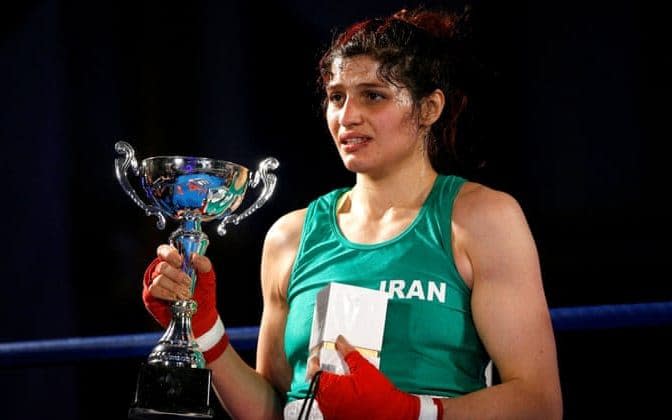 Sadaf Khadem is presented with the trophy after beating Anne Chauvin in their boxing match in Royan.  - Reuters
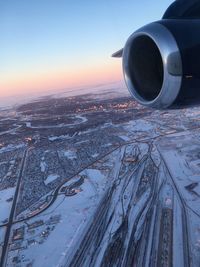 Cropped jet engine above landscape against sky during winter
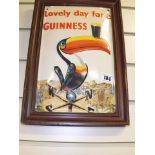 GUINESS TIN & ENAMEL  ADVERTISING SIGN, FEATURING THE TOUCAN SECURING HOLES AT THE CORNERS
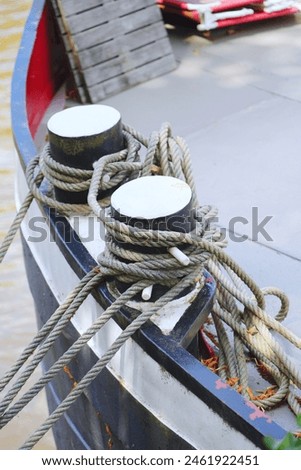 Similar – Image, Stock Photo Coil of used mooring ropes.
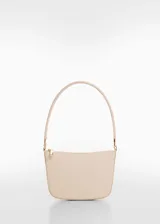 Bolso mini color beige con efecto piel, asa de hombro y cierre de cremallera.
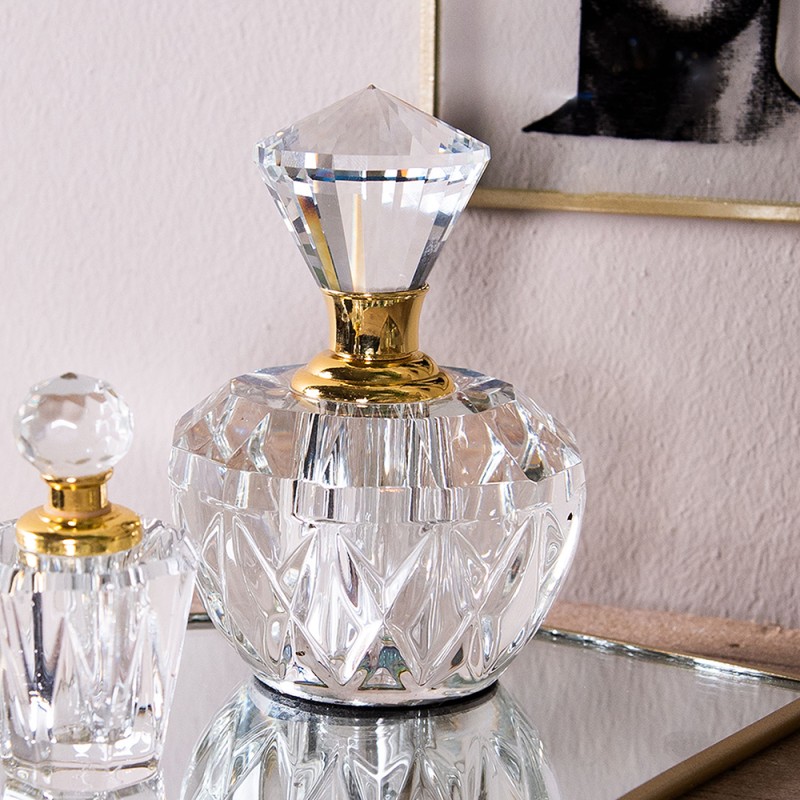 https://www.milatonie.com/5002193-large_default/perfume-bottle-447-cm-transparent-glass-round-round-melady-mlpf0008.jpg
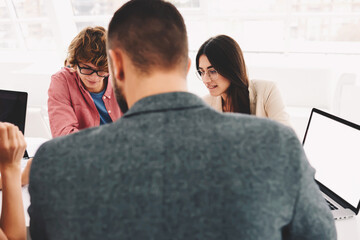 Crew of skilled male and female marketing expert creating advertising content for increasing rating of web magazine popularity using laptop computer and wireless connection cooperating in office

## EXERCISE OBJECTIVE
Down to the last line, print the material exactly, but not its pictures.

## RESPONSE
 Sadaf Khadem is presented with the trophy after beating Anne Chauvin in their boxing match in Royan.  - Reuters
 Cropped jet engine above landscape against sky during winter
 GUINESS TIN & ENAMEL  ADVERTISING SIGN, FEATURING THE TOUCAN SECURING HOLES AT THE CORNERS
 Similar – Image, Stock Photo Coil of used mooring ropes.
 Bolso mini color beige con efecto piel, asa de hombro y cierre de cremallera.
 https://www.milatonie.com/5002193-large_default/perfume-bottle-447-cm-transparent-glass-round-round-melady-mlpf0008.jpg
 Crew of skilled male and female marketing expert creating advertising content for increasing rating of web magazine popularity using laptop computer and wireless connection cooperating in office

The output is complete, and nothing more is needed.